According to BBC Scotland 'Whyte has been given until 17 April to prepare for a Scottish FA hearing into whether he and Rangers breached SFA rules.'
A three-man panel was due to rule after the club and Whyte were found guilty of bringing the game into disrepute and not acting in a fit and proper manner. But the Ibrox club’s owner failed to attend yesterday’s principal hearing at Hampden, which was scheduled to consider a total of nine charges relating to his stewardship of Rangers, and instead he submitted a letter through his lawyers asking for more time to prepare his response.
Rangers administrators' said they were "disappointed" by the adjournment.
Paul Clark, of administrators Duff and Phelps, said: "The club's legal representatives were ready to make the club's case which in essence is that there are extenuating and unprecedented circumstances in this case and we hope to demonstrate the distinction between the actions of the club and the actions of individuals.
"We look forward to making our case at the earliest opportunity."
The adjournment request was made by the former Rangers chairman's lawyers.
An SFA spokesman said: "Representatives for Mr Craig Whyte submitted a request by letter for further time to prepare their response to alleged breaches of the Scottish FA disciplinary rules.
"The panel adjourned the hearing, with three days set aside for both Mr Whyte and Rangers FC to attend on 17, 18 and 20 April.
"A procedural hearing has also been assigned for 6 April for Mr Whyte to lodge a substantive response and for representations to be made as to state of preparation."
The SFA charged Rangers and Whyte with seven breaches of its rules. The club is charged with five offences and the former chairman with two more between 6 May 2011 and 6 March 2012.
Lord Nimmo Smith's inquiry had found that Whyte was "not a fit and proper person" to own a football club.
SFA chief executive Stewart Regan warned when announcing these findings that the club could be charged with bringing the game into disrepute.
And he said Rangers also faced disciplinary action unless they paid money owed to Dundee United for a Scottish Cup tie at Ibrox.
The notices of complaints issued to Rangers and Whyte allege breaches of rules concerning compliance with the SFA articles, insolvency, bringing the game into disrepute and "acting in the best interests of association football".
Rangers entered administration on 14 February and Duff and Phelps are currently assessing bids to buy the club.

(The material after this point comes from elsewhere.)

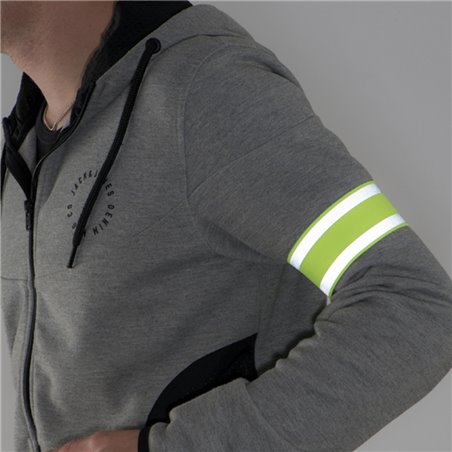 Materiałowa opaska odblaskowa na rękę- dbaj, aby być dobrze widocznym na drodze.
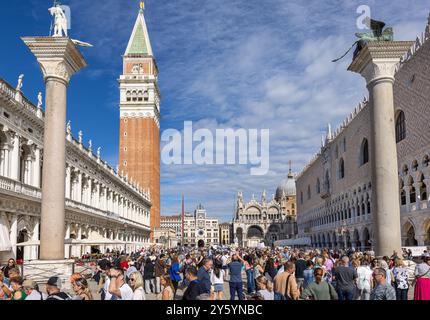 September 2024 - Venedig, Italien: Die überfüllte Piazza San Marco mit Palazzo Ducale, Campanile, Colonna di San Todaro. Über Tourismuskonzept Stockfoto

If Whyte does not comply with the request, he will be considered to have committed another breach of SFA rules. In this instance, it would be Rule 105 which states “Any party who is subject to a direction from a Tribunal must follow that direction as so directed by the Tribunal. Any party who fails to do so, may be found to be in breach of this rule.” The maximum punishment for breaching Rule 105 is a £50,000 fine and suspension from football until compliance with the rule.